Start of Block

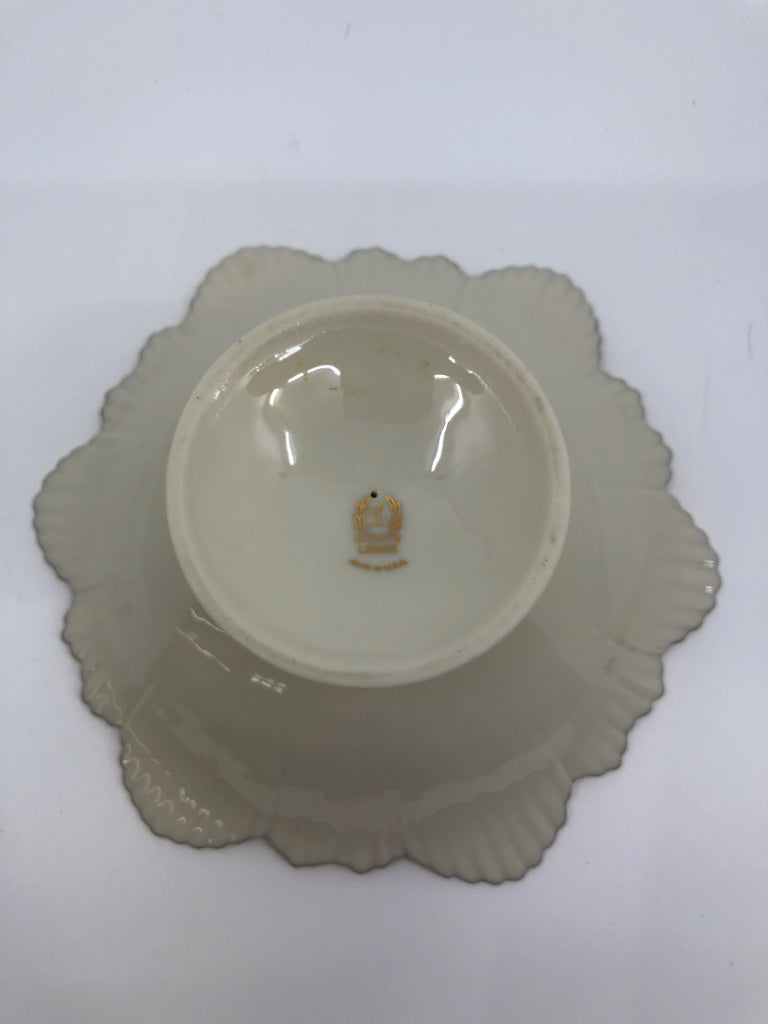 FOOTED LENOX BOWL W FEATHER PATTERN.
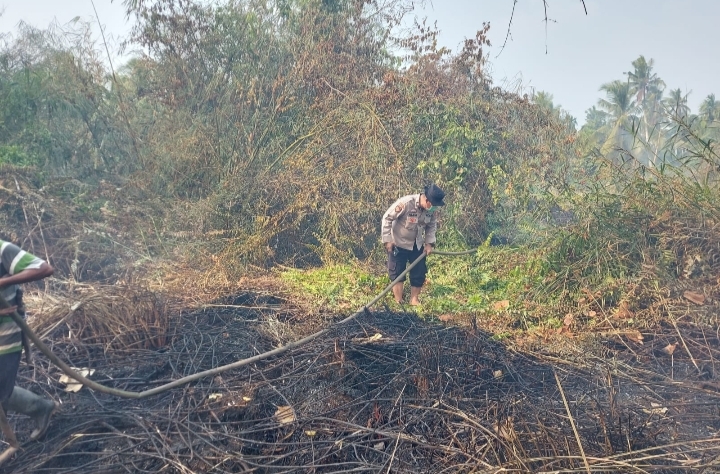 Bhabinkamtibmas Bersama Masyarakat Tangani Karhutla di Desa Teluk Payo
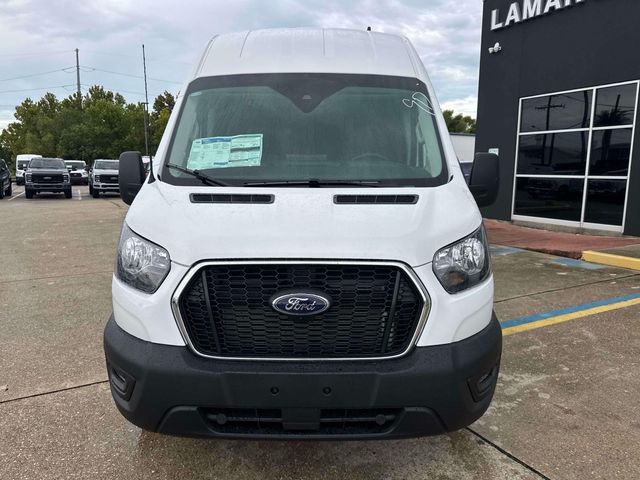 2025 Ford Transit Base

End of Block

### Exercise description
Return the data exactly. Pictures stay out.

### Exercise answer
 FOOTED LENOX BOWL W FEATHER PATTERN.
 Bhabinkamtibmas Bersama Masyarakat Tangani Karhutla di Desa Teluk Payo
 2025 Ford Transit Base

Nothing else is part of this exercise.